Abstract

Evaluation of an overweight patient is the first step in any therapeutic program. The syndromes of obesity can be classified in several ways. The first is an anatomic classification based on the size, number, and distribution of fat cells and fat tissue. The second is an etiologic classification based on identification of specific diseases and settings that produce obesity. Hypothalamic injury and endocrine disease such as Cushing's disease and the polycystic ovary syndrome are three identifiable causes of obesity. In this medicated society drugs are always candidates to produce weight gain. The most common causes, however, are stopping smoking, overconsumption of high-fat foods, a decrease in the level of activity, and aging. The natural history of obesity provides a useful framework in which to view both preventive and therapeutic strategies. Some individuals will never become overweight, but of those who do, about one-third will do so during the first two decades, and the remaining two-thirds will become overweight after age 20. A number of epidemiological and metabolic factors can serve as a guide to those individuals who are at high risk. Having overweight parents tops the list, but multiple births, cessation of smoking, and a sedentary lifestyle are additional factors.
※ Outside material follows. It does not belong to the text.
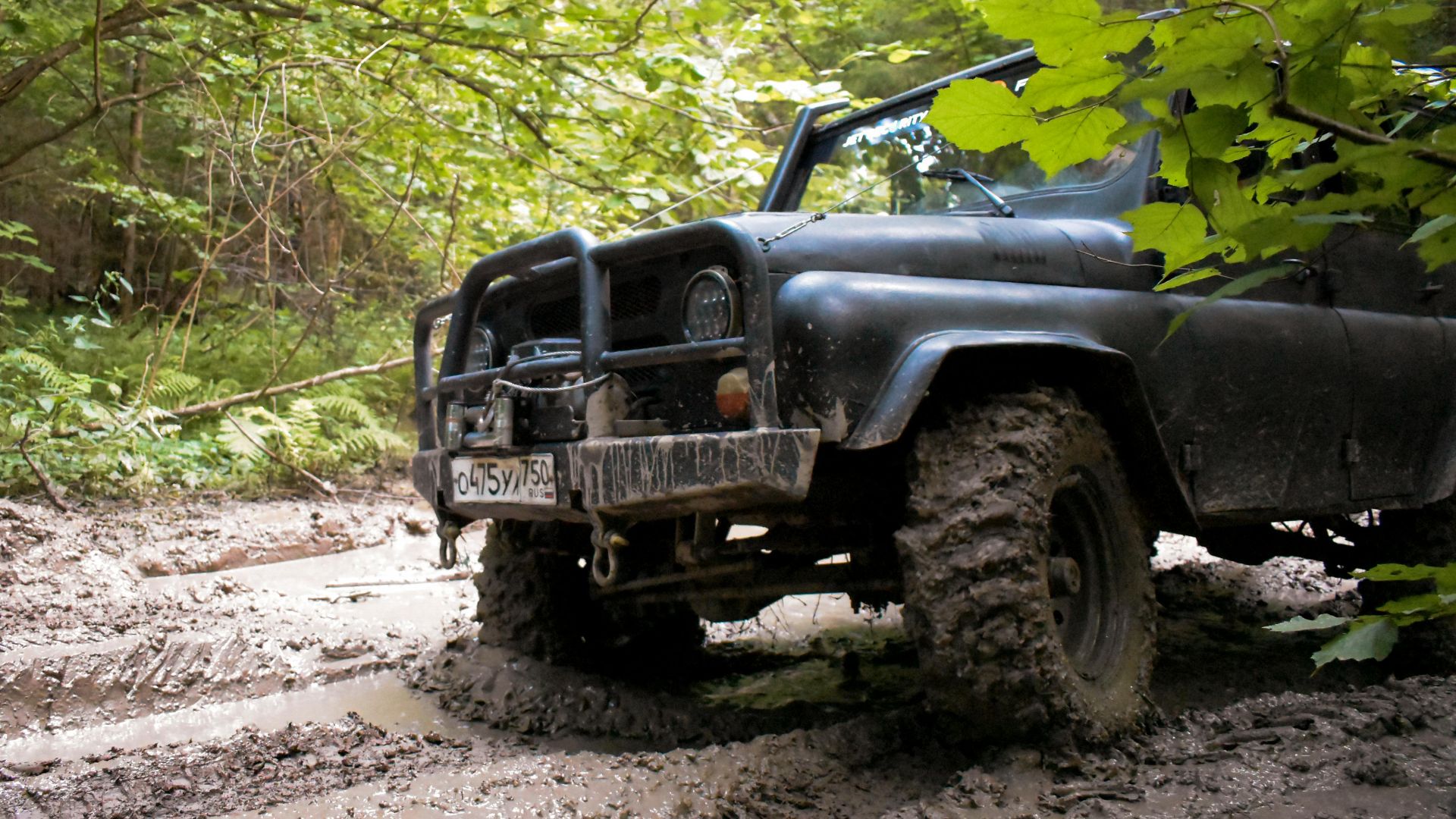 A rugged black SUV on a muddy dirt road in the forest, exemplifying off-road adventure and exploration.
Therapeutic decisions should be based on risk-benefit decisions. The risk can be assessed from the body mass index, the distribution of fat in upper or lower body obesity, the rate of weight gain, and the degree of physical inactivity. After assessing risk, the therapeutic choices can be selected from the age category of the patient. With any therapeutic activity, involvement of the patient in a realistic approach to the treatment process is essential.